**TASK BRIEF:** The required output is the stretch from the line containing "西宮市神呪町アパート 2LDKの間取図画像" through the line containing "Geometric Rose Gold" in the records below, unaltered and with no pictures.

*** RECORDS PROVIDED ***

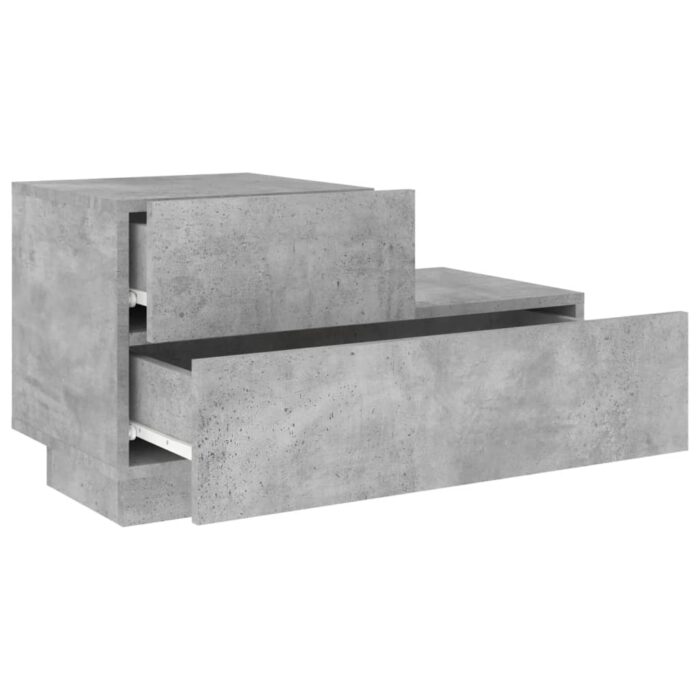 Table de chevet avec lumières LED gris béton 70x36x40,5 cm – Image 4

*** End of RECORDS PROVIDED ***
*** RECORDS PROVIDED ***

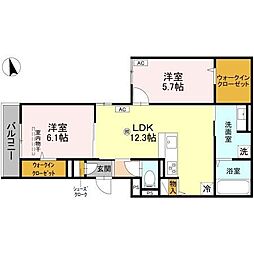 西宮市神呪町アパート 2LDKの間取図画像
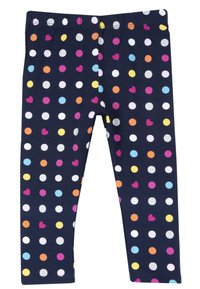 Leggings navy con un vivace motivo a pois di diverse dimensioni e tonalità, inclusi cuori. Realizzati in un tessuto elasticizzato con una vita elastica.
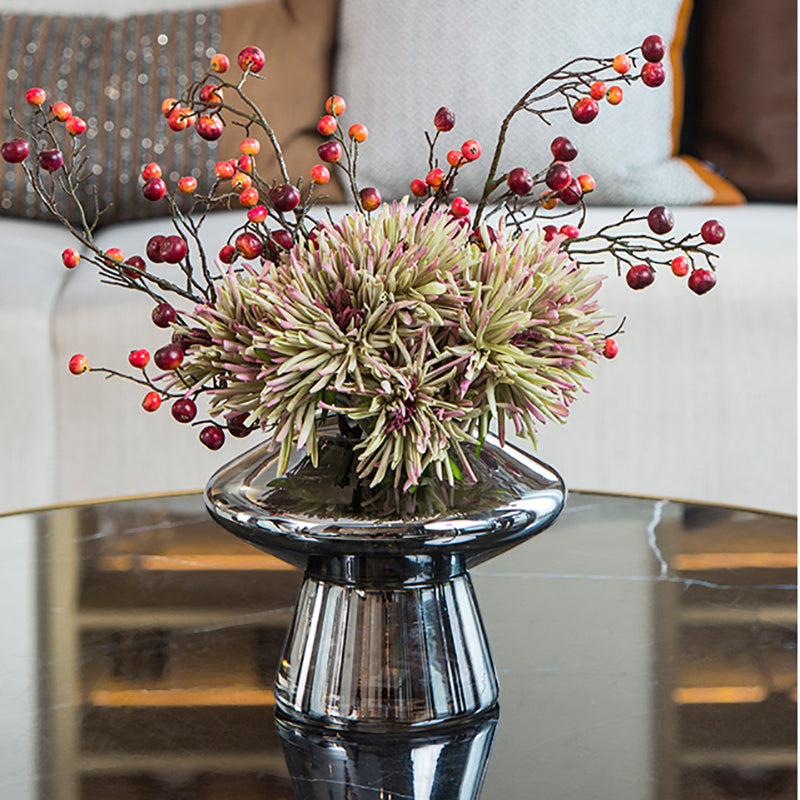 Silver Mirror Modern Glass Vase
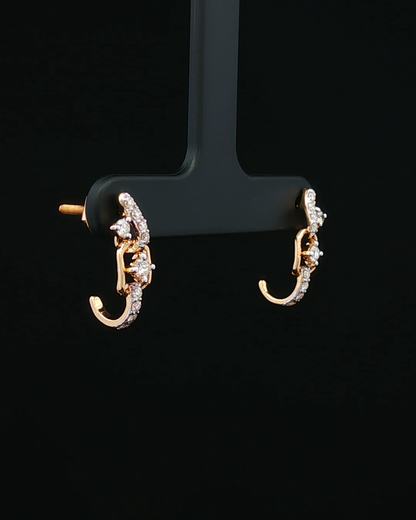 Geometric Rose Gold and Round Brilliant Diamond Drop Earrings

*** End of RECORDS PROVIDED ***
*** RECORDS PROVIDED ***

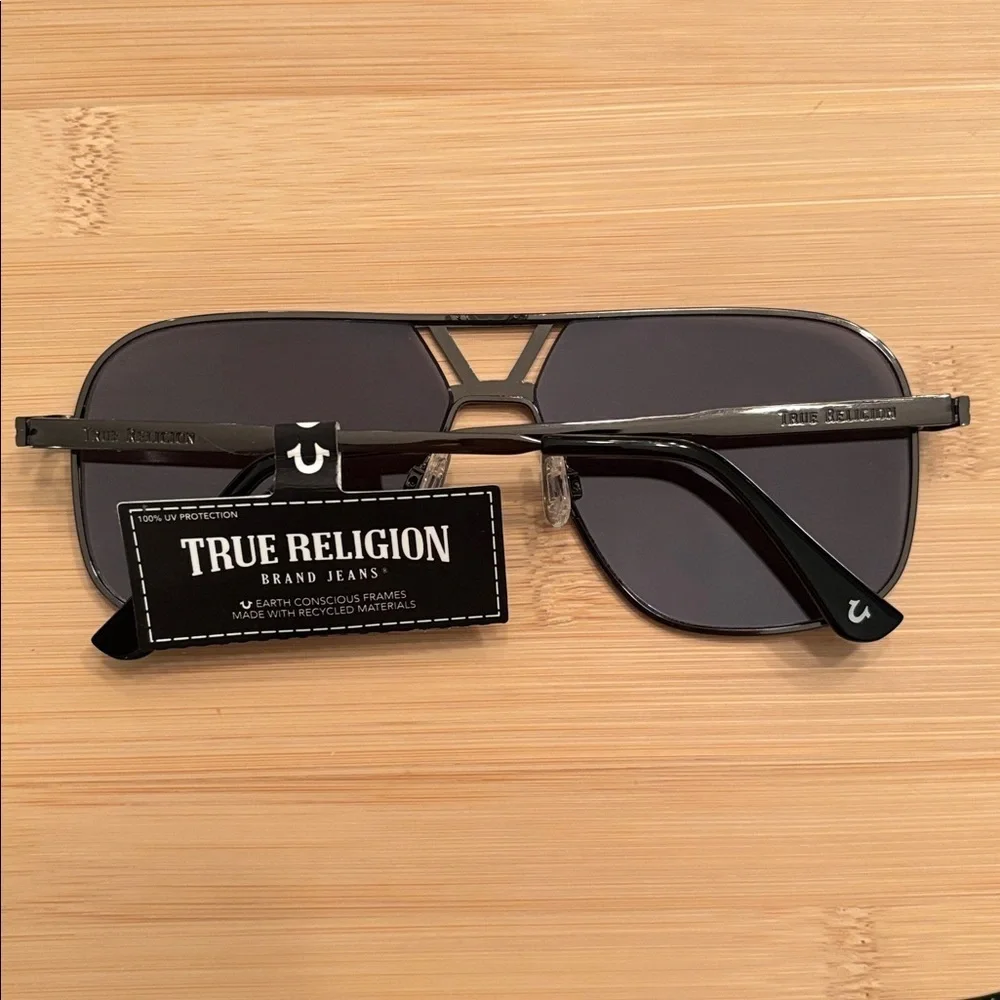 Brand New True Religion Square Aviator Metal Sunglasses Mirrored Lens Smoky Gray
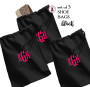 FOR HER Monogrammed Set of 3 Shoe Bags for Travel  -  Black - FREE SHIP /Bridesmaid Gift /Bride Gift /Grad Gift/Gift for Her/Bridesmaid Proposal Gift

*** End of RECORDS PROVIDED ***

**EXERCISE ANSWER:**
 西宮市神呪町アパート 2LDKの間取図画像
 Leggings navy con un vivace motivo a pois di diverse dimensioni e tonalità, inclusi cuori. Realizzati in un tessuto elasticizzato con una vita elastica.
 Silver Mirror Modern Glass Vase
 Geometric Rose Gold and Round Brilliant Diamond Drop Earrings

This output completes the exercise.